Reviewed by Calculator Editorial Team

Understanding the correlation coefficient (r) in linear regression is essential for analyzing relationships between variables. This guide explains how to calculate r, interpret its values, and determine confidence intervals, with practical examples and a built-in calculator.

What is r in linear regression?

The correlation coefficient (r) measures the strength and direction of a linear relationship between two variables. It ranges from -1 to 1, where:

  • 1 indicates a perfect positive linear relationship
  • -1 indicates a perfect negative linear relationship
  • 0 indicates no linear relationship

r is calculated using the formula:

r = Σ[(xᵢ - x̄)(yᵢ - ȳ)] / √[Σ(xᵢ - x̄)²Σ(yᵢ - ȳ)²]

Where x̄ and ȳ are the means of the x and y variables, respectively.

How to calculate r

To calculate r manually:

  1. Calculate the means of both variables (x̄ and ȳ)
  2. For each data point, calculate the difference from the mean (xᵢ - x̄ and yᵢ - ȳ)
  3. Multiply these differences for each point
  4. Sum all these products (numerator)
  5. Calculate the sum of squared differences for each variable
  6. Multiply these sums and take the square root (denominator)
  7. Divide the numerator by the denominator to get r

For example, with these data points:

X Y
1 2
2 3
3 4

The calculated r would be 1, indicating a perfect positive linear relationship.

Interpreting r values

The absolute value of r indicates the strength of the relationship:

  • 0.00-0.19: Very weak
  • 0.20-0.39: Weak
  • 0.40-0.59: Moderate
  • 0.60-0.79: Strong
  • 0.80-1.00: Very strong

The sign of r indicates the direction:

  • Positive r: As x increases, y tends to increase
  • Negative r: As x increases, y tends to decrease

Note: Correlation does not imply causation. A strong r value does not prove that one variable causes the other.

Confidence interval for r

The confidence interval for r provides a range within which the true population correlation coefficient is likely to fall. It's calculated using:

Lower bound = tanh[arctanh(r) - (z*√(1/(n-3)))]

Upper bound = tanh[arctanh(r) + (z*√(1/(n-3)))]

Where z is the z-score for the desired confidence level, and n is the sample size.

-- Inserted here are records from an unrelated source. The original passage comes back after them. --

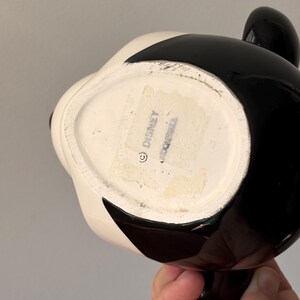 May include: A black and white ceramic mug with a cartoon character design. The mug has a glossy finish and a rounded shape. The bottom of the mug has a sticker with the word "Disney" and a copyright symbol.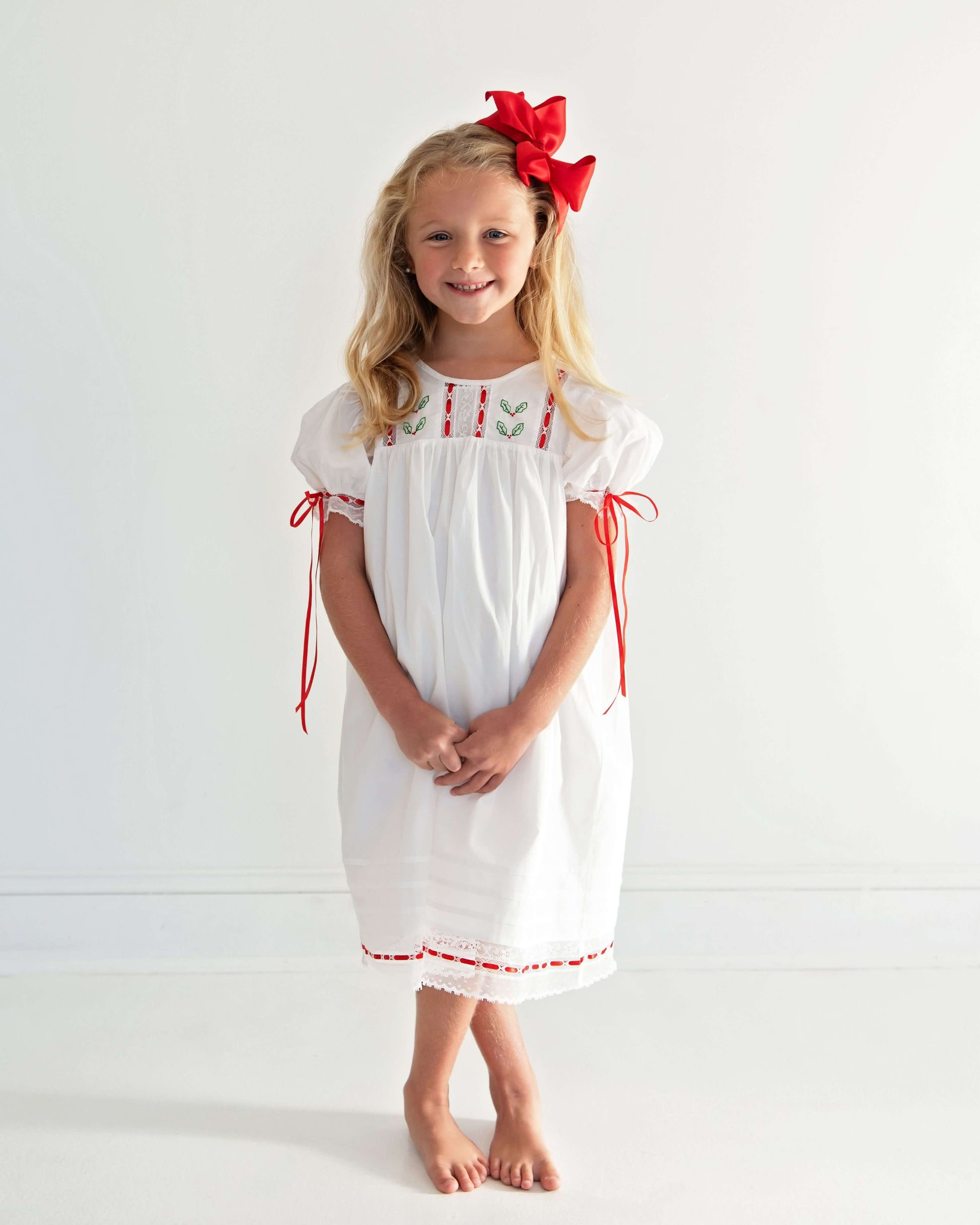 Young girl wearing a white dress with red accents and a red bow in her hair against a white background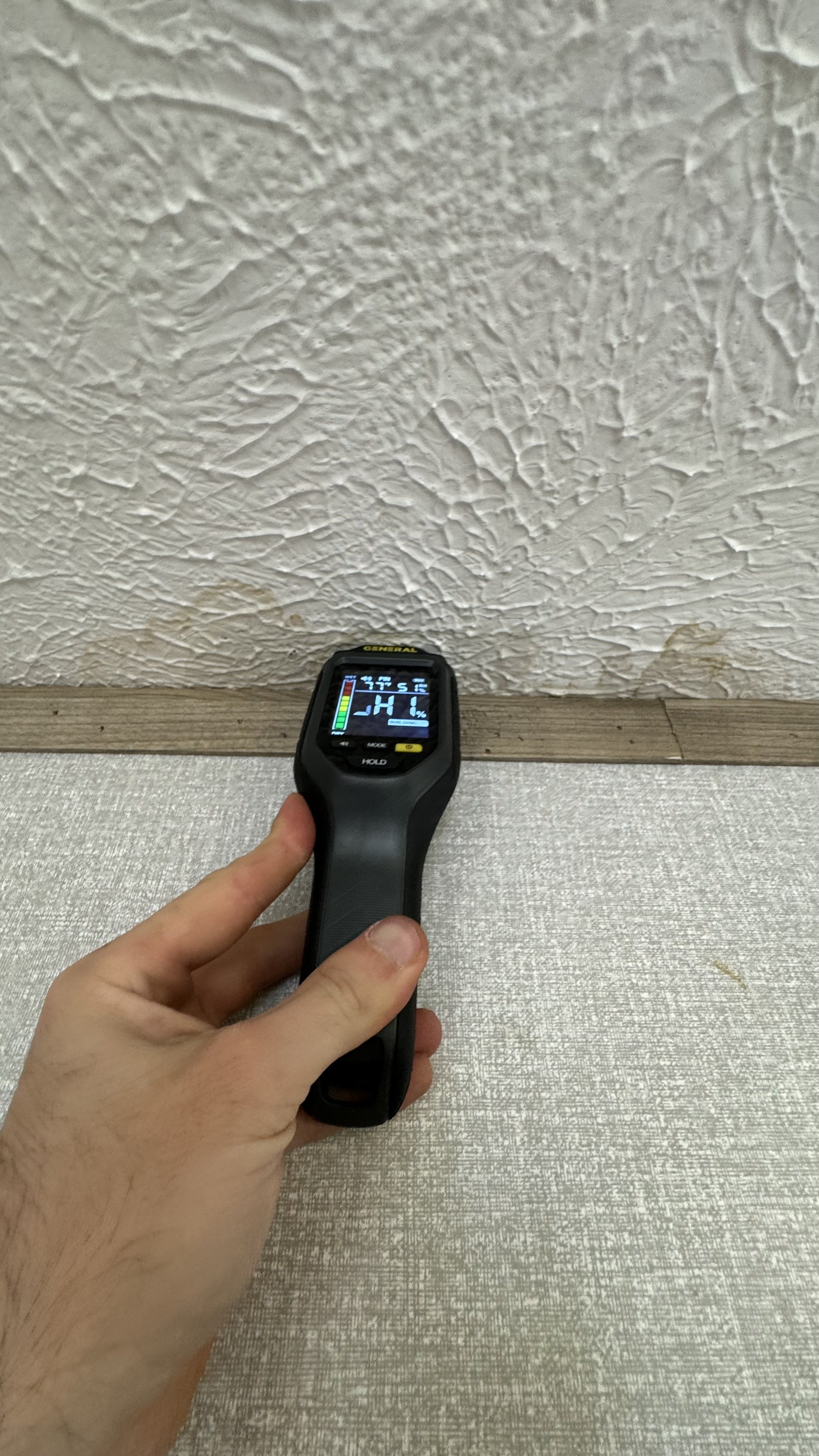 Person holding a digital moisture meter at a textured ceiling with high moisture intrusion.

For example, with r = 0.7 and n = 30 at 95% confidence, the interval would be approximately [0.35, 0.87].

Practical applications

Understanding r and its confidence interval helps in:

  • Research studies to determine variable relationships
  • Quality control to monitor process stability
  • Predictive modeling to assess variable importance
  • Decision making based on data trends

In business, for example, r can help determine if there's a relationship between advertising spend and sales, though other factors may influence the actual relationship.

Frequently Asked Questions

What does r=0 mean?
An r value of 0 means there is no linear relationship between the variables. However, this doesn't rule out non-linear relationships.
Is r affected by outliers?
Yes, r is sensitive to outliers. Extreme values can significantly affect the correlation coefficient.
How do I know if my r value is statistically significant?
You can test the null hypothesis that the true correlation is zero using a t-test. The p-value helps determine if the observed r is statistically significant.
Can r be negative?
Yes, a negative r indicates an inverse relationship between the variables.
What's the difference between r and R²?
r measures the strength and direction of the linear relationship, while R² measures the proportion of variance in the dependent variable that's predictable from the independent variable.